Montag, 26. Juli 2010

Seit Wochen ....

... schaue ich täglich bei Amazon vorbei und sehe ungläubig, wie sensationell lange sich Schneewittchen auf Verkaufsrang 1 gehalten hat. Jetzt wurde es vom Thron gestürzt! Beinahe würde ich "endlich" schreiben, aber das klingt dann ja schon beinahe ketzerisch. Trotzdem bin ich ein klein wenig erleichtert, dass es nun geschehen ist, denn es war mir echt unheimlich. Aber es war SUPERKLASSE! :-) 26 Tage lang ungeschlagen auf Rang 1, das ist grandios und wird mir unvergesslich bleiben.
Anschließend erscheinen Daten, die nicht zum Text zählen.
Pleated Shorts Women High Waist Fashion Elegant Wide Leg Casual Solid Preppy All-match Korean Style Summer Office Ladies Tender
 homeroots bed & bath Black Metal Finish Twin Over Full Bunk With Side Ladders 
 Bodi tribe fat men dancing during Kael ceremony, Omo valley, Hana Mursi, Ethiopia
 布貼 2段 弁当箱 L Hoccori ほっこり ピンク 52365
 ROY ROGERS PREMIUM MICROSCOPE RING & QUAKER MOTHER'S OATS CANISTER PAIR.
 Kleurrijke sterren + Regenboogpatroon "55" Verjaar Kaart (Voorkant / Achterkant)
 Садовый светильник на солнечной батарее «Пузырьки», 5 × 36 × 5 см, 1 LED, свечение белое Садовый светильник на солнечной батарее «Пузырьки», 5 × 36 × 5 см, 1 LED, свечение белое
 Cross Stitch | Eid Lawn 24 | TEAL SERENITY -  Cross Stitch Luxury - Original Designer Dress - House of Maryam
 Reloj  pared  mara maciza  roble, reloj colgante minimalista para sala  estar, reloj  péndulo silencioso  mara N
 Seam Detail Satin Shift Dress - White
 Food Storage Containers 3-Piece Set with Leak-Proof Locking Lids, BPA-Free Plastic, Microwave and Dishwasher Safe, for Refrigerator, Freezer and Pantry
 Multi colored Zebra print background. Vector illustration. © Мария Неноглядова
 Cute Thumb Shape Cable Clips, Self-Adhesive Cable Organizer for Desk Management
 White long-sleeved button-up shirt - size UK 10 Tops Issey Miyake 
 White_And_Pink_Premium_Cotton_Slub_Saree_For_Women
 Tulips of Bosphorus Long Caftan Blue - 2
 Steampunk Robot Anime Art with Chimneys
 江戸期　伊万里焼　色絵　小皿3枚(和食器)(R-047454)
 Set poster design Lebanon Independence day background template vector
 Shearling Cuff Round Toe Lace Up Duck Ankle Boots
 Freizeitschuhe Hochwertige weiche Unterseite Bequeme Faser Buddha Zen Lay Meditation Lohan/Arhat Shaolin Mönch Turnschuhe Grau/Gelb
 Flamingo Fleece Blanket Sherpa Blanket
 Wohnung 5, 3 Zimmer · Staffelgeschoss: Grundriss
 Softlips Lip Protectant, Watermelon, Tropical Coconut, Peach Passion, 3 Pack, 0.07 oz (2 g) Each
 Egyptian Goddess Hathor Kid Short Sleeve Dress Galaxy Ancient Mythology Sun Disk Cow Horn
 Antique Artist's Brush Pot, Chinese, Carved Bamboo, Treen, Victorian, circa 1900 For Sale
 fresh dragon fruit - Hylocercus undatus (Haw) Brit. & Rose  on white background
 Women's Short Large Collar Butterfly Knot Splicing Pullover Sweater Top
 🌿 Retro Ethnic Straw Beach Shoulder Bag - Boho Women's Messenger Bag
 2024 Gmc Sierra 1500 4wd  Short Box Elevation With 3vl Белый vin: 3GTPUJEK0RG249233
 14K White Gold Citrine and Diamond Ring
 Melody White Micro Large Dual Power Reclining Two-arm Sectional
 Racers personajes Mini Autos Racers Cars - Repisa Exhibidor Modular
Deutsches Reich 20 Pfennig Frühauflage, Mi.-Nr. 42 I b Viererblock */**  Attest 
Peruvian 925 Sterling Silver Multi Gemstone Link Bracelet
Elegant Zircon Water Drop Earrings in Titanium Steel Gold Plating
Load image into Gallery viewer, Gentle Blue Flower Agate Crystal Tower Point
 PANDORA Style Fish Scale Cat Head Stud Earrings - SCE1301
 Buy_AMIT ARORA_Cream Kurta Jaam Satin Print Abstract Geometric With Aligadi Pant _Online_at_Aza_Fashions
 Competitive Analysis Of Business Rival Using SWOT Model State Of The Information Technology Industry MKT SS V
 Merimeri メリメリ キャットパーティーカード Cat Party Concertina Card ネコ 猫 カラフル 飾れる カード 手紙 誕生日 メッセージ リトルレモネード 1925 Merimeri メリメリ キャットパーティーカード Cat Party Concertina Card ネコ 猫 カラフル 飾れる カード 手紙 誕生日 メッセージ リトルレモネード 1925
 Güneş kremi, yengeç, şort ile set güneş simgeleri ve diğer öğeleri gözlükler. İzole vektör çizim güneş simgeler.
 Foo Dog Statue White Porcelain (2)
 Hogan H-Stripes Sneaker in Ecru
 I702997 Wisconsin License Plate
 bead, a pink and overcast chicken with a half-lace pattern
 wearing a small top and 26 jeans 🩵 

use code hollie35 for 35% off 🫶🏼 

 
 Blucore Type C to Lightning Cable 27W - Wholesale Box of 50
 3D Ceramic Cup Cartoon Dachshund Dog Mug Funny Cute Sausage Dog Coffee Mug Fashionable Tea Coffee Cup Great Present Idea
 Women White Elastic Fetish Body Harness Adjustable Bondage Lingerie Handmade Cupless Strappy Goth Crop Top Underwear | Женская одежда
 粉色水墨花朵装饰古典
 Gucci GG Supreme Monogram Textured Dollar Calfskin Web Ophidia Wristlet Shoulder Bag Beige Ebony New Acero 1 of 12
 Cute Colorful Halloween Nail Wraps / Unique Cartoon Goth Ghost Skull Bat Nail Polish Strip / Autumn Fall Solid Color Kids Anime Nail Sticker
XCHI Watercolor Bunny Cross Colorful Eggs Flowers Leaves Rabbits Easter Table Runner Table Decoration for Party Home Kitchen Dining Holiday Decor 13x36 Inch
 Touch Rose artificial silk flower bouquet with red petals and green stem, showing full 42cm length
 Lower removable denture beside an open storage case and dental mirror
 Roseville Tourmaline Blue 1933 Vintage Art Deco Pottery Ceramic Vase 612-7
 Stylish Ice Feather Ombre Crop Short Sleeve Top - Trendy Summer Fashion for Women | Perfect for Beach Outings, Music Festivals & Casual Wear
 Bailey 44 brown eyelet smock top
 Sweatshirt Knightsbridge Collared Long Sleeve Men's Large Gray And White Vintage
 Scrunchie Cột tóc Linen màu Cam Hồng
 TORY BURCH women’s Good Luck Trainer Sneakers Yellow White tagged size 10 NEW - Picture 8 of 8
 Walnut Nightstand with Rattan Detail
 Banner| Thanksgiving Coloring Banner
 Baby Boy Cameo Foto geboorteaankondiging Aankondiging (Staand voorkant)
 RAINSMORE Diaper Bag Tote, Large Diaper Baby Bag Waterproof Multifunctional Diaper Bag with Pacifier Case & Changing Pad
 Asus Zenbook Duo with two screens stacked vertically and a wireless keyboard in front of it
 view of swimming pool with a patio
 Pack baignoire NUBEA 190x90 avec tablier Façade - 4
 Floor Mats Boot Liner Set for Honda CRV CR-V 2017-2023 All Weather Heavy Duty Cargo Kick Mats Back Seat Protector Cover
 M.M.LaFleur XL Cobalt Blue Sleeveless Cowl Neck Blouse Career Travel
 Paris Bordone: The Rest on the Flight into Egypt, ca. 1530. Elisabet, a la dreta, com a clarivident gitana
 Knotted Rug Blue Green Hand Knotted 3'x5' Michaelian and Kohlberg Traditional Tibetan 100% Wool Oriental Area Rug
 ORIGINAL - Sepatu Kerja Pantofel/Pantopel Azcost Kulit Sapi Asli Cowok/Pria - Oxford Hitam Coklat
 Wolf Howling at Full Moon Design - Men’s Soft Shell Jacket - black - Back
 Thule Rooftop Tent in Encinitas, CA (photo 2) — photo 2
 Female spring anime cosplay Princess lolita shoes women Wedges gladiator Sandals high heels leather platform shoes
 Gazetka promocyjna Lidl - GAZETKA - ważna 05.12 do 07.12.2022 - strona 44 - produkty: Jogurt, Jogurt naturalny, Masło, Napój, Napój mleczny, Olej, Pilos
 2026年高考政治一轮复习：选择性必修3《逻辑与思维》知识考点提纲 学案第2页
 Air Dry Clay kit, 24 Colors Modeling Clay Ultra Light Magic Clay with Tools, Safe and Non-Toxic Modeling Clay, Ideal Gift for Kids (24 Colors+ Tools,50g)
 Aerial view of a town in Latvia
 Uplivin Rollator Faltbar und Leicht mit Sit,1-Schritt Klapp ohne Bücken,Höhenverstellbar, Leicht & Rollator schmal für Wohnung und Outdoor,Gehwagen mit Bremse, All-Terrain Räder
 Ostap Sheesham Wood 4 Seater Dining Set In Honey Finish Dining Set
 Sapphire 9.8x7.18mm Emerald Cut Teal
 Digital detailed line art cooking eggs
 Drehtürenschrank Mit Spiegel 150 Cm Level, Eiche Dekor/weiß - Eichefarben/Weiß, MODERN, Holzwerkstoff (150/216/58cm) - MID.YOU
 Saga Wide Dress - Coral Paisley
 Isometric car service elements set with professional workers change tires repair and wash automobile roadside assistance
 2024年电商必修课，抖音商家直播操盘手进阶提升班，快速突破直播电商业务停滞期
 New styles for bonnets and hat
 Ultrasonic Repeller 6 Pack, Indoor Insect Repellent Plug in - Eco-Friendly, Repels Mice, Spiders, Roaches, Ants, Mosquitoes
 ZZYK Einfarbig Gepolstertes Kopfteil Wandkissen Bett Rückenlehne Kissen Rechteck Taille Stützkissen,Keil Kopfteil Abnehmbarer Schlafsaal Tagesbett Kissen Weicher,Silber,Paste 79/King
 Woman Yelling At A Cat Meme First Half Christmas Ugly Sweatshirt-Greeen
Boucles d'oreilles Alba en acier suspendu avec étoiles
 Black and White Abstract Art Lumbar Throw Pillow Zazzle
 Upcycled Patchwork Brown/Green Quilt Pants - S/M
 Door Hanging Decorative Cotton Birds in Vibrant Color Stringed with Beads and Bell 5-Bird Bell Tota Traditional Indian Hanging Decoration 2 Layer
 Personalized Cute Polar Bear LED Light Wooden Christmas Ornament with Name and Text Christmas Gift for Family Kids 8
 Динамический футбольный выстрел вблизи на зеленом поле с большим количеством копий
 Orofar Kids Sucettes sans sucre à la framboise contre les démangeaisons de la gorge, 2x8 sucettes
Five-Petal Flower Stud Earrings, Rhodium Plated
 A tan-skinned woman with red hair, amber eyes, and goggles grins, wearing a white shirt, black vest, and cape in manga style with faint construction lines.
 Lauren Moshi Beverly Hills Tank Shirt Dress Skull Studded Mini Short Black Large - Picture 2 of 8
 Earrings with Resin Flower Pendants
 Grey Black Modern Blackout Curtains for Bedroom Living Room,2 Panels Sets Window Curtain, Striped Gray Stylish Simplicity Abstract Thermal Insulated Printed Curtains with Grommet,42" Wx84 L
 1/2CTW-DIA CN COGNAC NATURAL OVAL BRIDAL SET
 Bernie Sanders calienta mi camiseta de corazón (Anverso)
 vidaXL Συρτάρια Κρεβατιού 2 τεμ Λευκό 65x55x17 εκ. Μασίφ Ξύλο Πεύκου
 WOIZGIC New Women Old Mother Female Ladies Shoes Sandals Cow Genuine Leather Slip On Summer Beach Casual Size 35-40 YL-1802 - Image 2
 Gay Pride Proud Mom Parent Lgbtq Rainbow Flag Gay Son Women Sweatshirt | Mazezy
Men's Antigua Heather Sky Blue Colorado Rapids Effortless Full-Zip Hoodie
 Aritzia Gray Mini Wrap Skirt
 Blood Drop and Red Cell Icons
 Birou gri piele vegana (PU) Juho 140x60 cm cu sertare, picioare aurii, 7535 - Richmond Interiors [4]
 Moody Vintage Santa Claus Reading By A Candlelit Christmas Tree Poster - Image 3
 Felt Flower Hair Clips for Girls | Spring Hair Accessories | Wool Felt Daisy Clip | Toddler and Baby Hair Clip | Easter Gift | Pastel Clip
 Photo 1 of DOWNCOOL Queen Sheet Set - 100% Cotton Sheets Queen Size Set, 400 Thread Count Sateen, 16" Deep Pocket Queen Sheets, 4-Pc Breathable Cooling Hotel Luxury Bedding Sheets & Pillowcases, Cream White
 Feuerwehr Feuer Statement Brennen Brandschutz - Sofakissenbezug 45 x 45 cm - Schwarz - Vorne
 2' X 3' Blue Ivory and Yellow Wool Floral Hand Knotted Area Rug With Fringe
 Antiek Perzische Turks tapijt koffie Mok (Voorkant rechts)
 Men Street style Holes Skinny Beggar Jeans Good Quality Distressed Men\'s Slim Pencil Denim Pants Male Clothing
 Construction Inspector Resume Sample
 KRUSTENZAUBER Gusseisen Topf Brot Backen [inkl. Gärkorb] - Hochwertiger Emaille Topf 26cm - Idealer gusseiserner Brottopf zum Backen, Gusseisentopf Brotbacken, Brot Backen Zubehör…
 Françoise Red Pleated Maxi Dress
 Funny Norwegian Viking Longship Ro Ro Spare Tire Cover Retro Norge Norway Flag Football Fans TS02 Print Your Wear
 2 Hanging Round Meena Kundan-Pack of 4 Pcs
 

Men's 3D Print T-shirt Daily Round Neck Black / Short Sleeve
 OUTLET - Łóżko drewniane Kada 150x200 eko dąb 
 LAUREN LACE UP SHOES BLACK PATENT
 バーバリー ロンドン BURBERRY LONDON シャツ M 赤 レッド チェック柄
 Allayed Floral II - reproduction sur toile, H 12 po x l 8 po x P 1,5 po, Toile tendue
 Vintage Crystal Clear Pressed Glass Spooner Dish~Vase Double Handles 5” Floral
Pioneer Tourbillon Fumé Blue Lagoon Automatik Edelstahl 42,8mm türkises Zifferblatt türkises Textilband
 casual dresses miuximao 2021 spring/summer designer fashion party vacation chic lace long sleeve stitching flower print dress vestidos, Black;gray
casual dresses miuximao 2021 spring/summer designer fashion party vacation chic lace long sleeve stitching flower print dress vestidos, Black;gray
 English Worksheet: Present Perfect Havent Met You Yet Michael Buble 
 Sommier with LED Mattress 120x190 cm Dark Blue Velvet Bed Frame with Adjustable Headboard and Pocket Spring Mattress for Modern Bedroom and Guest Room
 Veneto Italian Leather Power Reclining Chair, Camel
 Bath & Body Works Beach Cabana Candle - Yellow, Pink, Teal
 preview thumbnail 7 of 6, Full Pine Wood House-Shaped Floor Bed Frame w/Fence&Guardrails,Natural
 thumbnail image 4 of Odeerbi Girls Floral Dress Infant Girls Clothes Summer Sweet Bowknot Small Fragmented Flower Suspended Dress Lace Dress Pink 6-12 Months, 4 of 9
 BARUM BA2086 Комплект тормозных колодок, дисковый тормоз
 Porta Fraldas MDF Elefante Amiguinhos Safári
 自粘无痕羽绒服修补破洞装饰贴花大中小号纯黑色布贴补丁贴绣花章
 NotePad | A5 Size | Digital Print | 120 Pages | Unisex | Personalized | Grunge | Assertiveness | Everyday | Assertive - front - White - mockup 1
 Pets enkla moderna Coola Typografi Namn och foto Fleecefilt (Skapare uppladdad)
Die große Hitze ist vorbei, draußen regnet es. Ein ideales Schreibwetter für mich. Ich habe in den letzten Tagen selten in meinen Blog geschrieben, zuviel war los, zuviel zu entscheiden. Die eine oder andere Entscheidung war vielleicht nicht richtig, aber trotz aller Turbulenzen für mich die einzig mögliche. Ich bin insgeheim sehr erleichtert, wenn ich an den Ärger und die Diskussionen zurückdenke. Und wer Entscheidungen trifft, muss eben das Risiko eingehen, eventuell auch mal einen Fehler zu machen. Auf der Stelle verharren ist noch schlimmer, denn dann wird man unzufrieden. Das Leben läuft schließlich auch weiter und wenn man stehenbleibt, hat es einen irgendwann mal überholt.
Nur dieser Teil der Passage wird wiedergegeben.